While growth and, more particularly industrial growth, has slowed, the decline appears to have bottomed out, the report released by C Rangarajan, chairman of the prime minister's economic advisory council, said.

While investment and savings rates have come down, the report notes, economic growth has declined more steeply than was warranted by the decline in investment. This has been due mainly to a lag in output flows from capital assets already formed, according to the 'Review of the Economy 2012-13', released today.

The recent policy measures and administrative actions such as the recently constituted Cabinet Committee on Investment would help overcome obstacles in the speedy execution of projects and thereby output flows, the report says.

''While even existing rates of investment should enable us to grow at 7.5 to 8.0 per cent over the short term, a return to higher levels of savings and investment would take us back to the very high levels of growth which we had seen earlier,'' the report points out.

According to the advance estimates of the Central Statistical Office (CSO), growth in the agriculture sector is expected to improve from 1.8 per cent in 2012-13 to 3.5 per cent in 2013-14, assuming normal or mostly normal monsoon.

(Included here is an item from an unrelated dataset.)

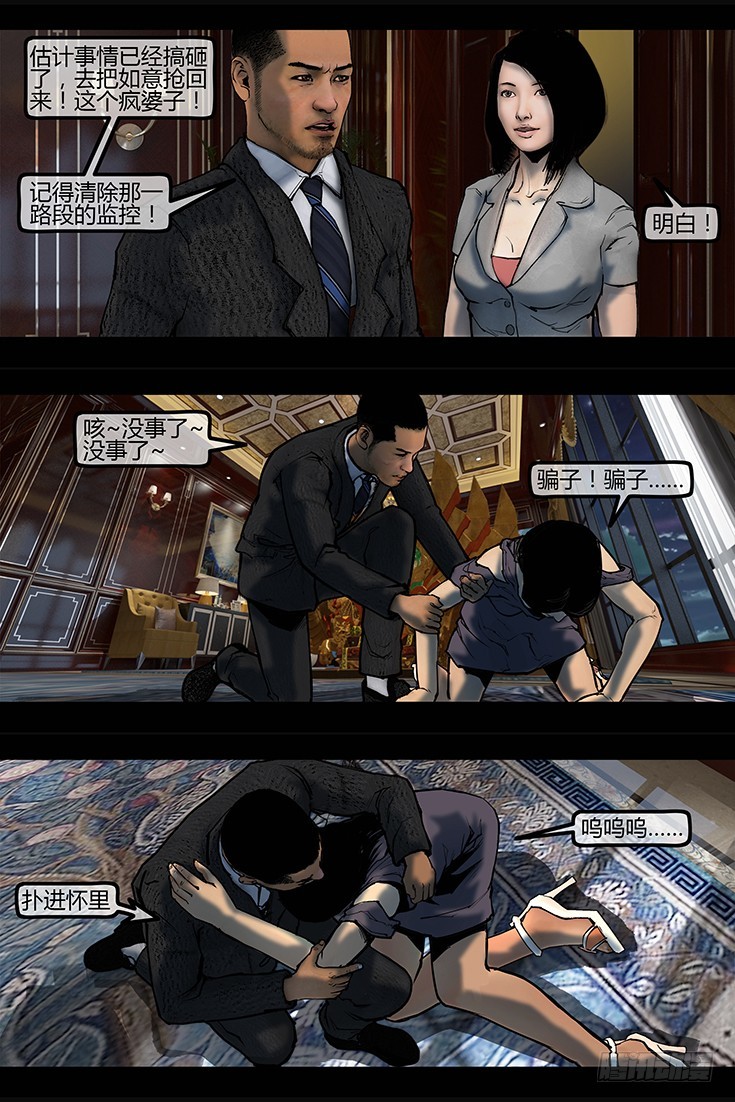 墓海詭錄 - 103話-峽淵迷蹤-極品飛車 - 1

Growth in industry (including manufacturing, mining and quarrying, electricity, gas, water supply and construction) is expected to improve from 3.1 per cent in 2012-13 to 4.9 per cent in 2013-14. Overall manufacturing sector growth is projected at 4 per cent in 2013-14.

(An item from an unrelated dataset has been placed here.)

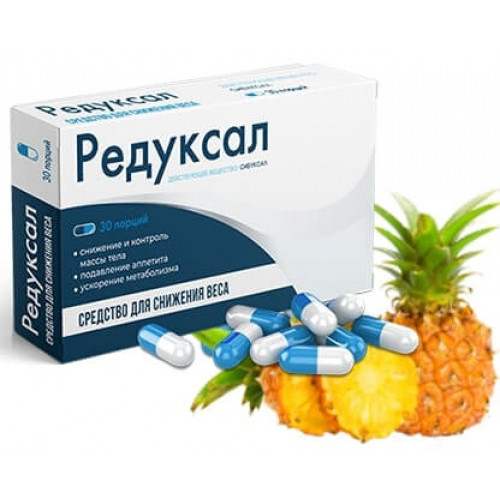 Купить Редуксал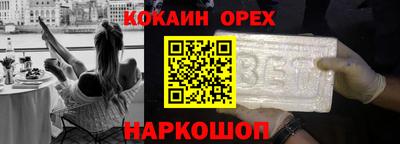 трава Кандалакша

CSO has pegged the growth rate in services to improve from 6.6 per cent in 2012-13 to 7.7 per cent in 2013-14.

Global growth, although projected to pick up in 2013, would continue to remain at modest levels. In such a scenario India's projected growth rate of 6.4 per cent is relatively high and respectable.

Investment rate is estimated to be 35.8 per cent of GDP, while domestic savings rate is estimated to be around 30.8 per cent of GDP in 2012-13.

There has been a sharp decline in the productivity of capital as the incremental capital output ratio (ICOR) has shot up from its historical level of around 4.0 to much higher levels. The computed ICOR for 2011-12 and 2012-13 ranges from 5.4 to 11.4, depending on how the ratio is calculated. It appears that investment capital accumulated in projects is not yielding commensurate output.

The decline in inflation, more particularly non-food manufacturing inflation, will create more space for monetary policy to support growth. And, with a well laid out road map for fiscal consolidation, the government has shown its determination to contain the fiscal deficit.

The current account deficit, however, remains a source of concern, despite the fact that the financing of the deficit has not been a problem so far, the report says.

The next decade will be a crucial decade for India, which would need an 8 to 9 per cent growth to graduate to the level of a middle income country by 2025.

The report calls for incentives to public-private partnerships in key infrastructure sectors such as coal, power, roads, railways and ports, to act as a big stimulus to private investment and faster growth.